Records contained in a dataset:
= Beginning of Section =

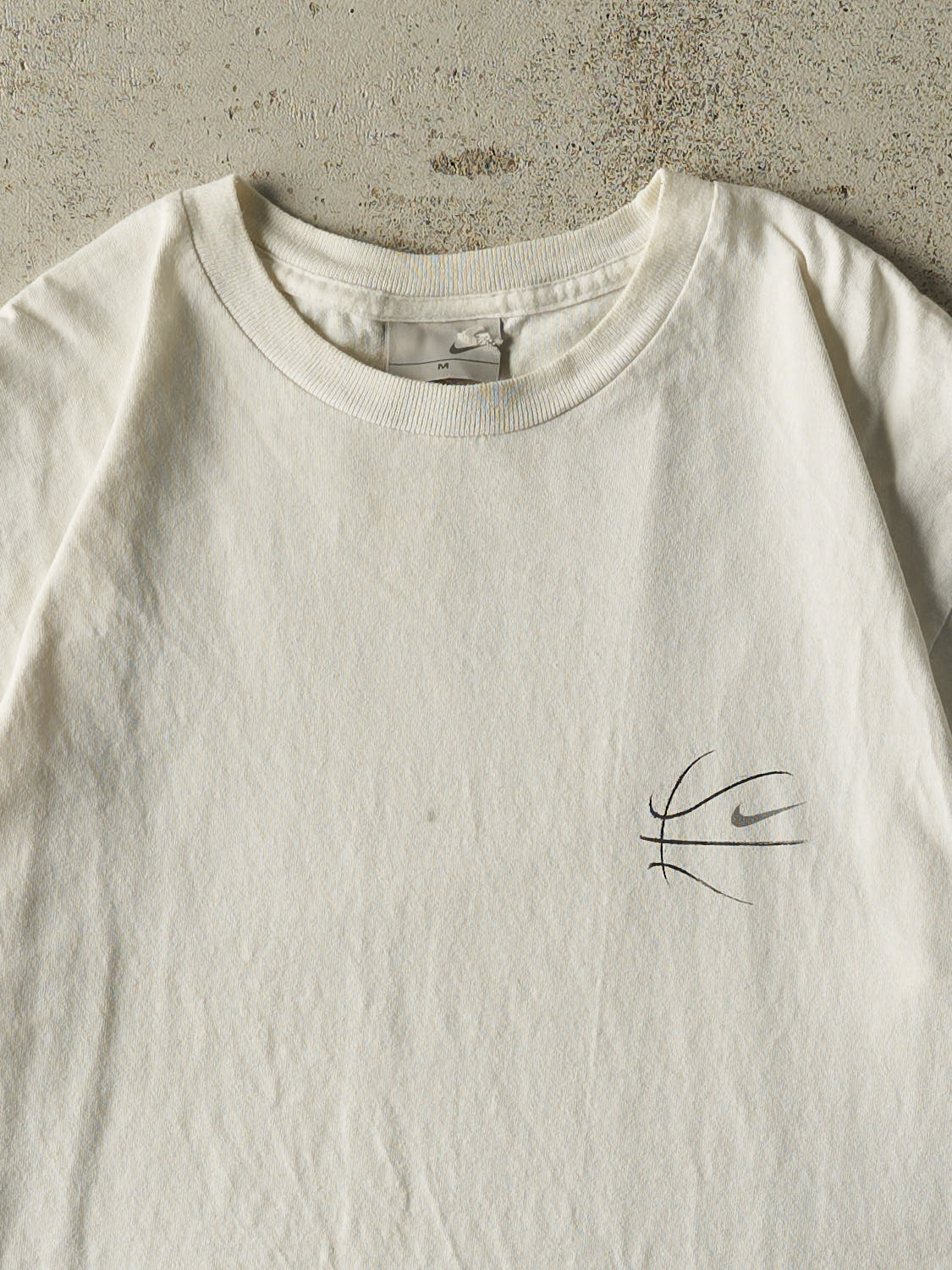 Vintage Y2K White Nike Hoops Tee (M)
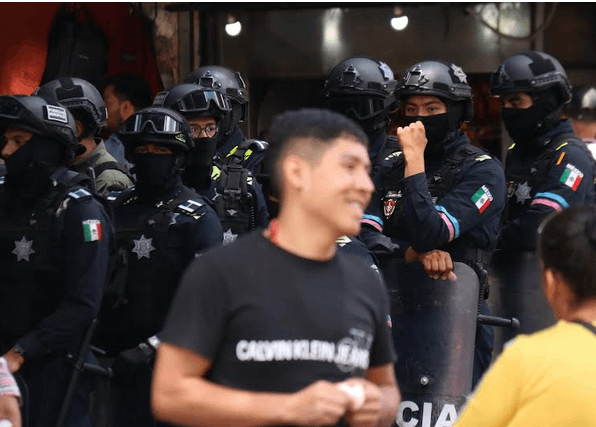 Ambulantes piden que los dejen trabajar en calles de Puebla capital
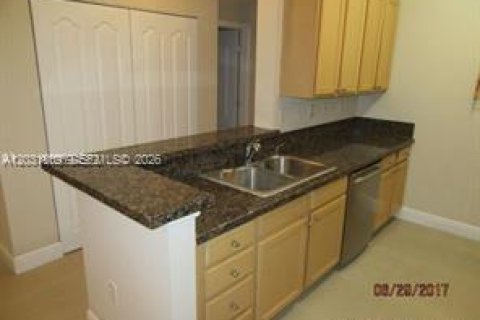 Copropriété à louer à South Miami, Floride: 3 chambres, 108.14 m2 № 2084928 - photo 5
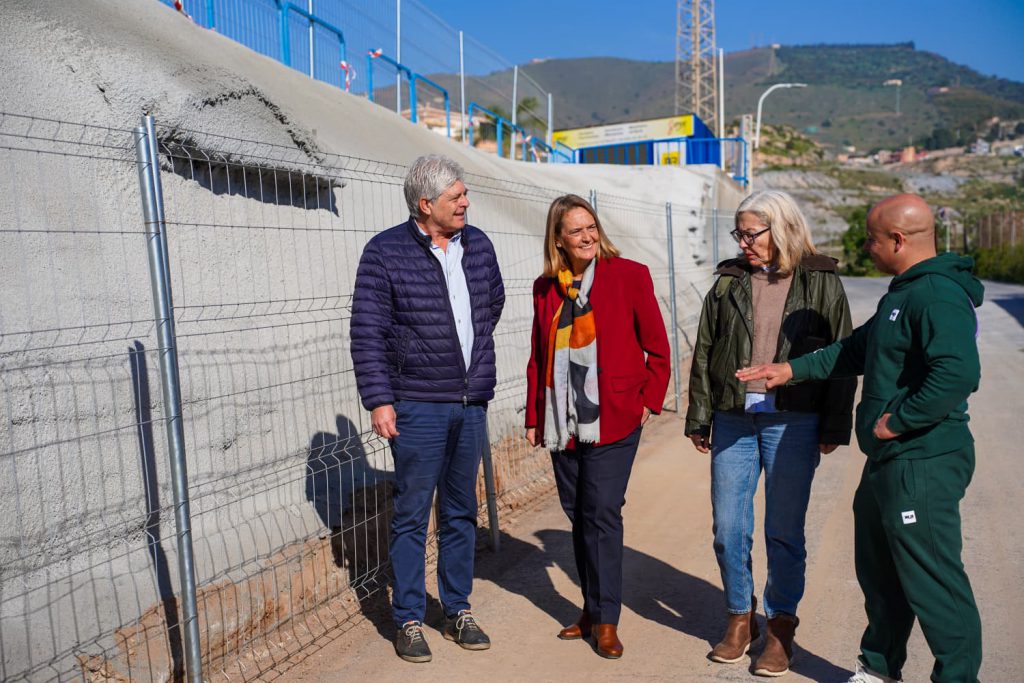 Actuación de emergencia en el muro caído en el Estadio Escribano Castilla por el impacto de las borrascas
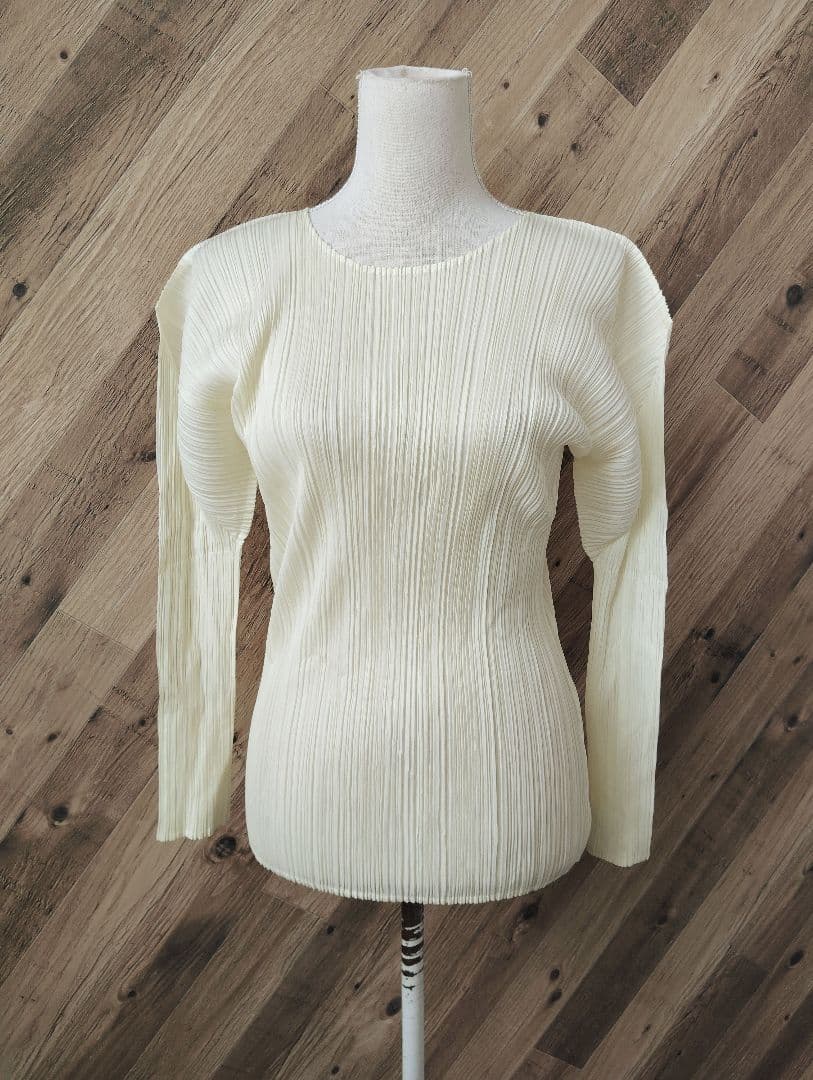 ISSEY MIYAKE イッセイミヤケ　日本製　長袖　プリーツ トップス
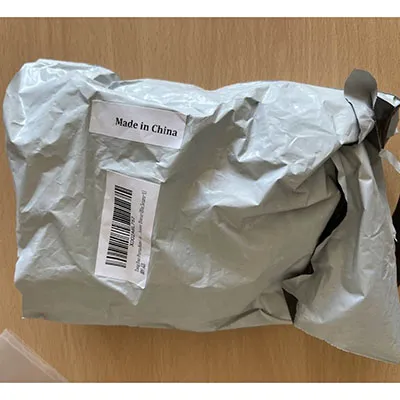 Blue plush keychain in the shape of a rabbit with black leatherette paws and a gold-coloured metallic ring. Product sold online, in particular via Amazon (ASIN: B0DM5C9786).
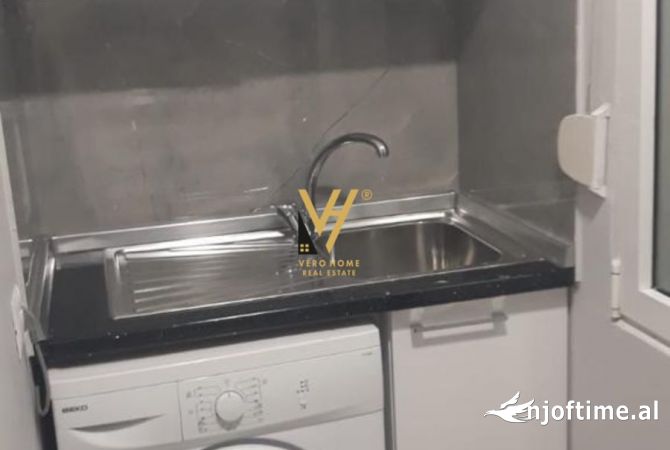 Shtepi me qera Apartament ne Tirane, Garsoniere, Mobilimi E mobiluar, Pagesa 400  Euro.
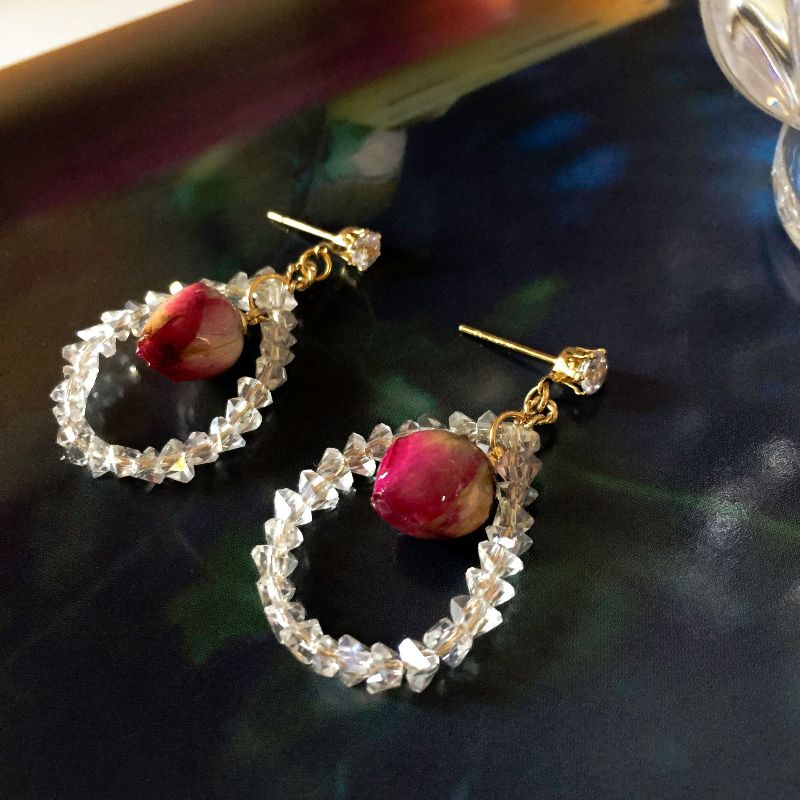 Elegant crystal-framed stud earrings, sparkling zircon crystal paired with rose bud, fashionable and elegant lady's earrings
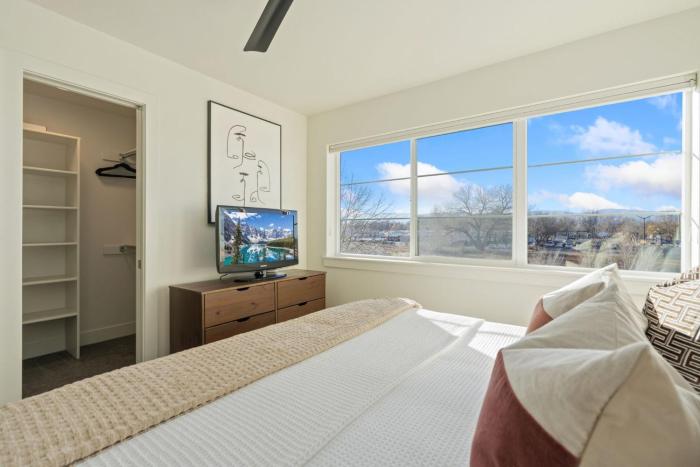 mountain view home w king beds and rooftop deck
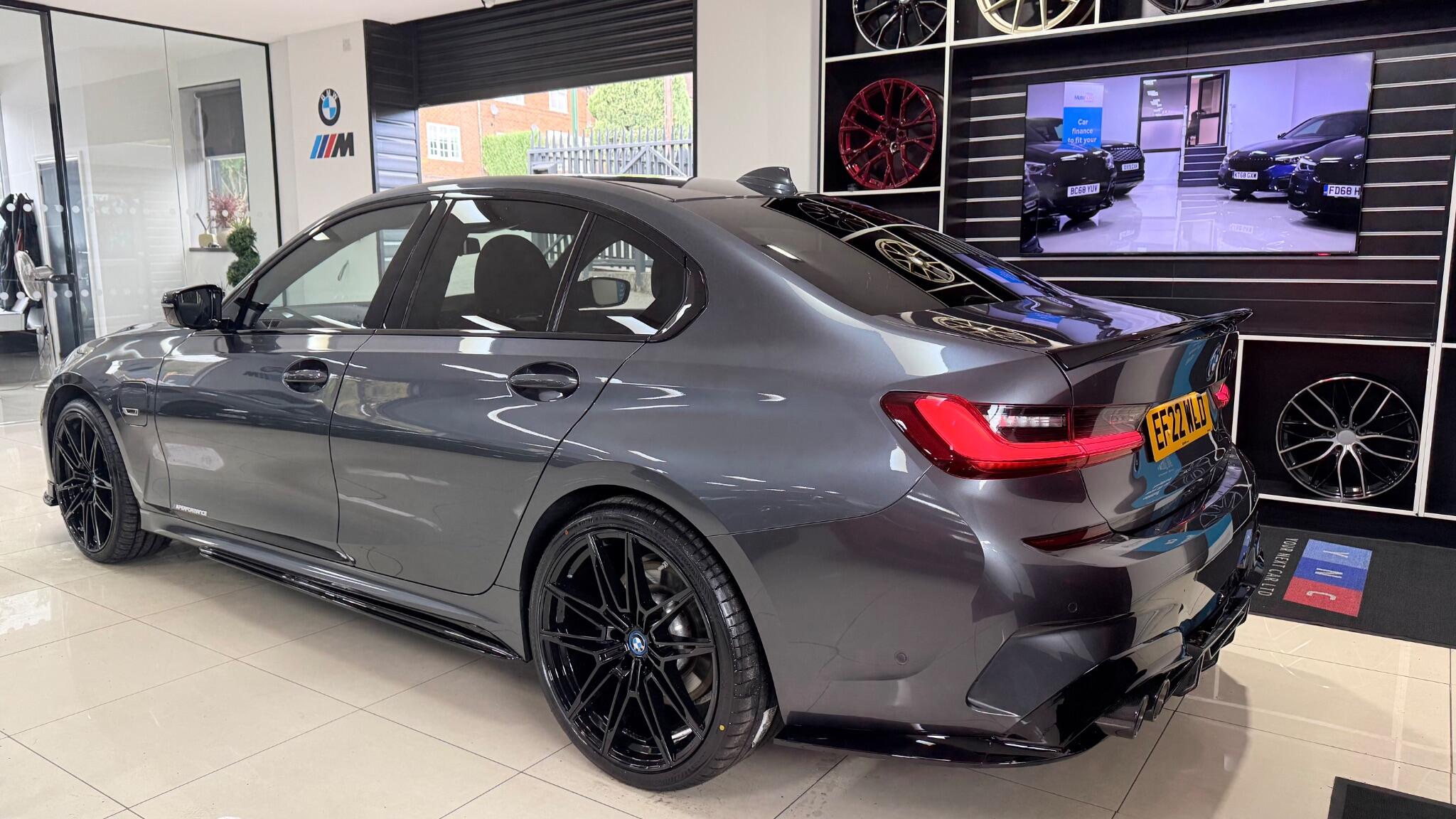 BMW 3 Series view 41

= End of Section =

* **Task statement**: Exact repetition of all entries is required. The pictures should not appear.

* **Written answer**:
 Vintage Y2K White Nike Hoops Tee (M)
 Ambulantes piden que los dejen trabajar en calles de Puebla capital
 Copropriété à louer à South Miami, Floride: 3 chambres, 108.14 m2 № 2084928 - photo 5
 Actuación de emergencia en el muro caído en el Estadio Escribano Castilla por el impacto de las borrascas
 ISSEY MIYAKE イッセイミヤケ　日本製　長袖　プリーツ トップス
 Blue plush keychain in the shape of a rabbit with black leatherette paws and a gold-coloured metallic ring. Product sold online, in particular via Amazon (ASIN: B0DM5C9786).
 Shtepi me qera Apartament ne Tirane, Garsoniere, Mobilimi E mobiluar, Pagesa 400  Euro.
 Elegant crystal-framed stud earrings, sparkling zircon crystal paired with rose bud, fashionable and elegant lady's earrings
 mountain view home w king beds and rooftop deck
 BMW 3 Series view 41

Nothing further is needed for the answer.